Es gebe selten einen Zeitpunkt an dem man sich zurücklehnen könne, weil etwas "fertig" sei, erklären König, Fumy und Schleef. "Der Prozess endet nie, an allem wird bis zur letzten Sekunde gefeilt und man darf sich nicht zu schade sein, Dinge zu verwerfen, wenn sie nicht wirklich gut funktionieren." Das sei nicht der kürzeste Weg zum Ziel, insgesamt sei es aber befriedigender, wenn man am Ende das Ergebnis sehe. Grundsätzlich sei für sie ein entscheidendes Qualitätsmerkmal eines guten Bühnenbildes, wenn man eine inhaltliche Idee mit einem eigenständigen visuellen Konzept aufgreife und weitererzähle. "Nur weil etwas schon mal so funktioniert hat, macht man es nicht einfach beim nächsten Mal wieder genauso. Bei uns fließt deshalb bei der visuellen Ausgestaltung viel Arbeit in Konzeption, Recherche und Trial & Error.
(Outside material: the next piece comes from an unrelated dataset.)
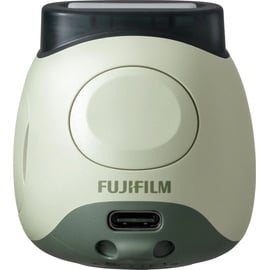 Fujifilm Instax PAL grün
Man muss sich Zeit nehmen und Dinge ausprobieren, wenn man etwas Besonderes erschaffen will, auch wenn es beim Fernsehen eigentlich nie genug Zeit für irgendwas gibt." Man müsse auch immer offen sein für einen Blick über den Tellerrand der Fernsehlandschaft.

Endlich mehr Beachtung

Alle genannten Personen freuen sich sehr über die Nominierung und verweisen auf die Tatsache, dass ihr Bereich in den vergangenen Jahren und Jahrzehnten kaum Beachtung gefunden hat. "Wenn man so hart arbeitet und es in Deutschland für das Kostüm eigentlich nie Anerkennung gibt, ist das natürlich einfach nur ein glückliches Gefühl", sagt Alexandra Brandner. Eine Kollegin in den USA habe für ihre Arbeit bereits drei Emmys erhalten, so die Gewandmeisterin. "Wir freuen uns nachziehen zu können und mit der Nominierung zu zeigen, dass wir hier in Deutschland das auch können. Wir sind gut und müssen uns nicht verstecken."

Bei der btf freut man sich insbesondere darüber, dass es beim Fernsehpreis überhaupt eine Kategorie gibt, in der Szenenbild und Design von Shows eine Rolle spielen. "Gerade bei Fernsehshows werden diese Gewerke unserer Meinung nach häufig nicht genug hervorgehoben und gewürdigt. Zumindest bei btf hat die Visualität eines Projektes neben dem Inhalt aber einen gleichberechtigt hohen Stellenwert und es steckt nicht weniger kreative Leistung darin als bei den Kollegen. Wir finden es ein ermutigendes Zeichen, dass gut gemachte Gestaltung im Fernsehen dadurch insgesamt hoffentlich ein kleines bisschen relevanter wird." Jakob Kuby, der in der Vergangenheit selbst mehrfach die Bühnenbilder für den Deutschen Fernsehpreis entworfen hat, sagt, er habe es immer schade gefunden, dass das Set Design im Entertainment keine wirkliche Rolle bei Auszeichnungen gespielt habe. "Es gibt viele Beteiligte innerhalb einer Show-Produktion, deren Arbeit in den Auszeichnungen nicht erwähnt werden. Ich würde mich freuen, wenn zukünftig auch Mitwirkende ausgezeichnet werden, die nicht immer in der ersten Reihe stehen."